What you write should be an exact repeat of the lines from the one with "Rechthoek sticker met" through the final line below, minus the pictures.

[Start of Attachment]

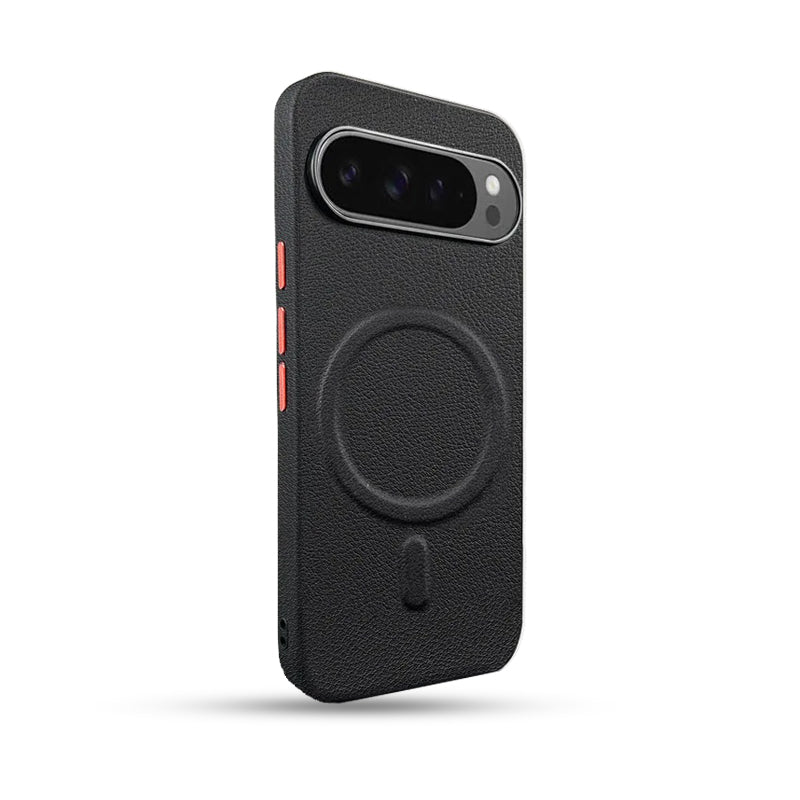 Google Pixel 9 Magnetic Plain Leather Protective Shell Case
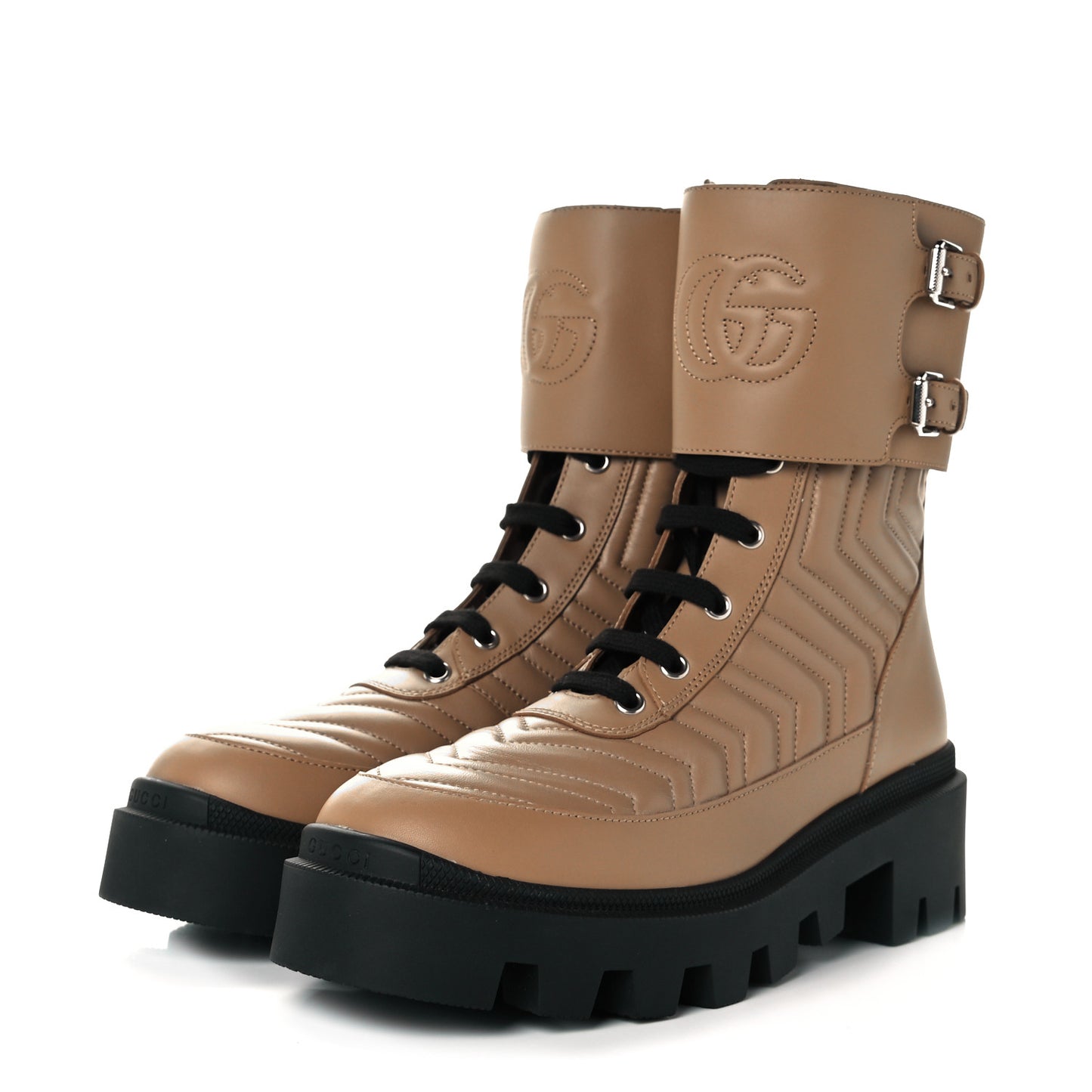 Nappa Frances GG Matelasse Platform Combat Boots 38 Natural Tan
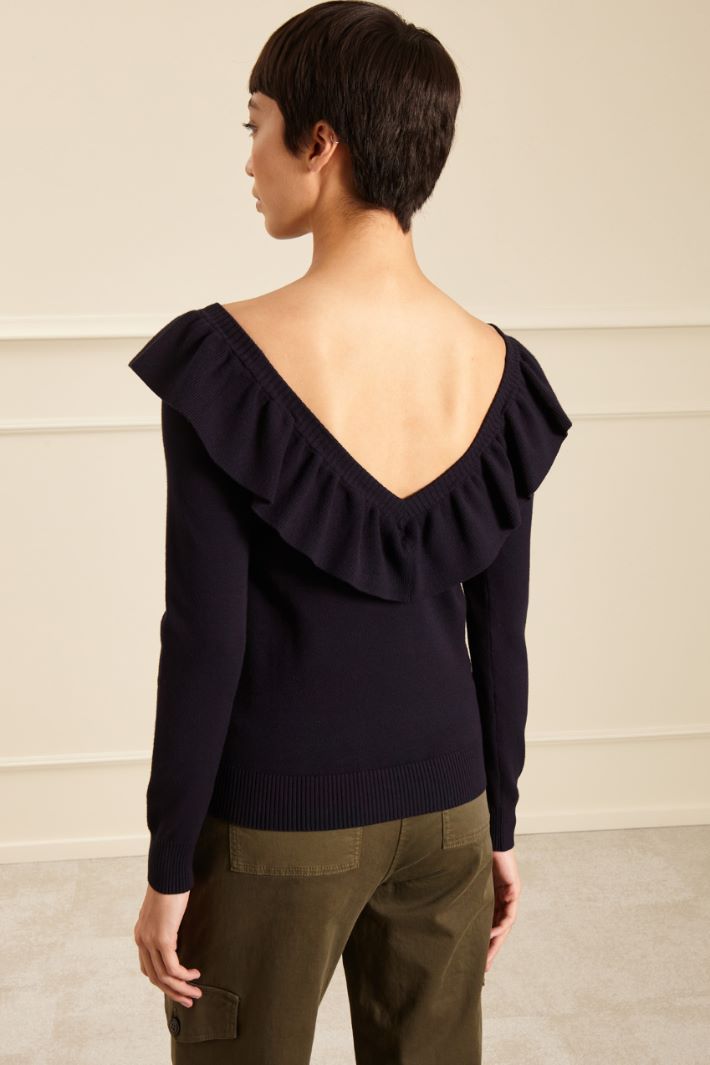 Maglia con volant - BLU NOTTE - Fashion Market - 4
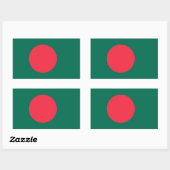 Rechthoek sticker met vlag van Bangladesh (Vel)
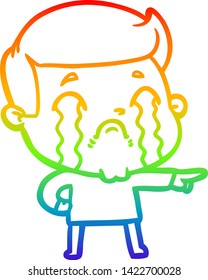 dibujo de una línea de gradiente de arco iris de un hombre de dibujos animados llorando
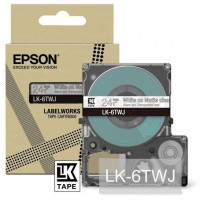 EPSON Cartucho de etiquetas Matte Tape   Clear/White 24mm(8m)   LK-6TWJ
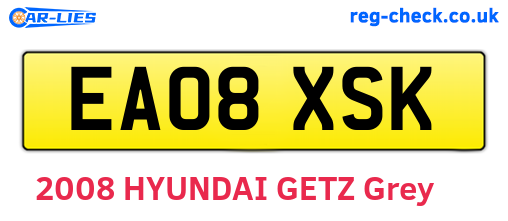 EA08XSK are the vehicle registration plates.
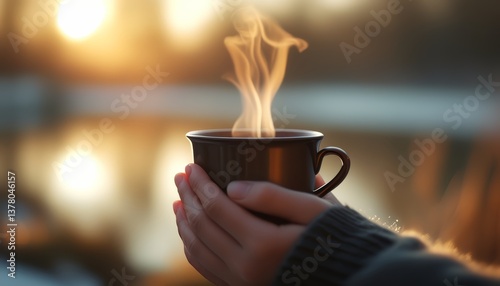 Warm hands holding a steaming cup as sunlight glows in the background during a tranquil moment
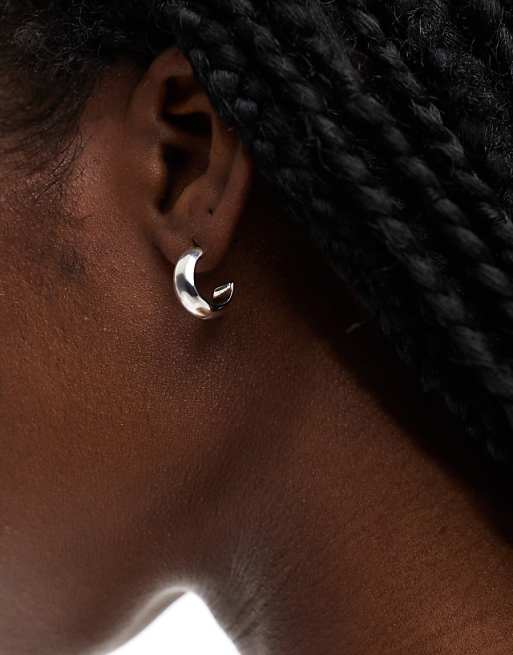 Pieces everyday hoop earrings in plated sterling silver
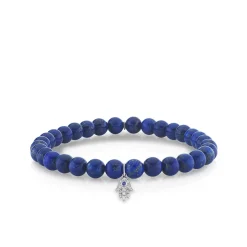 Men's Collection Gold & Diamond Hamsa on Lapis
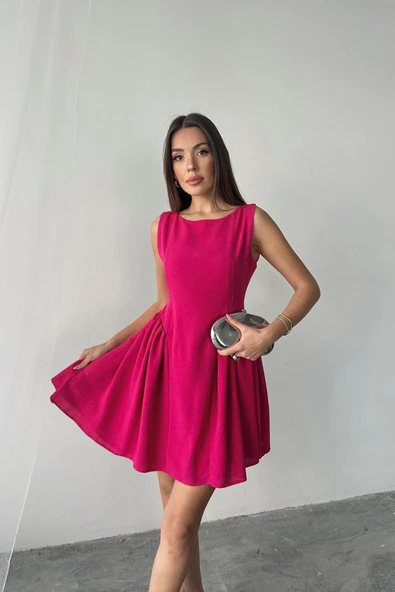 Fuşya Mini Boy Büzgülü Keten Elbise - 3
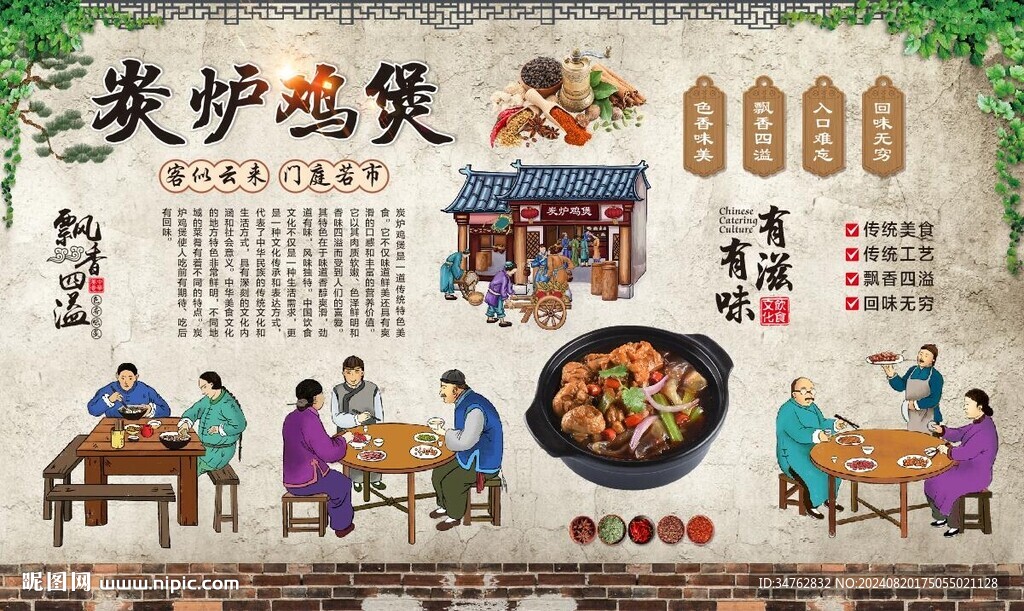 炭炉鸡煲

[End of Attachment]

* **Problem solution**:
 Rechthoek sticker met vlag van Bangladesh (Vel)
 dibujo de una línea de gradiente de arco iris de un hombre de dibujos animados llorando
 EPSON Cartucho de etiquetas Matte Tape   Clear/White 24mm(8m)   LK-6TWJ
 EA08XSK are the vehicle registration plates.
 Warm hands holding a steaming cup as sunlight glows in the background during a tranquil moment
 Pieces everyday hoop earrings in plated sterling silver
 Men's Collection Gold & Diamond Hamsa on Lapis
 Fuşya Mini Boy Büzgülü Keten Elbise - 3
 炭炉鸡煲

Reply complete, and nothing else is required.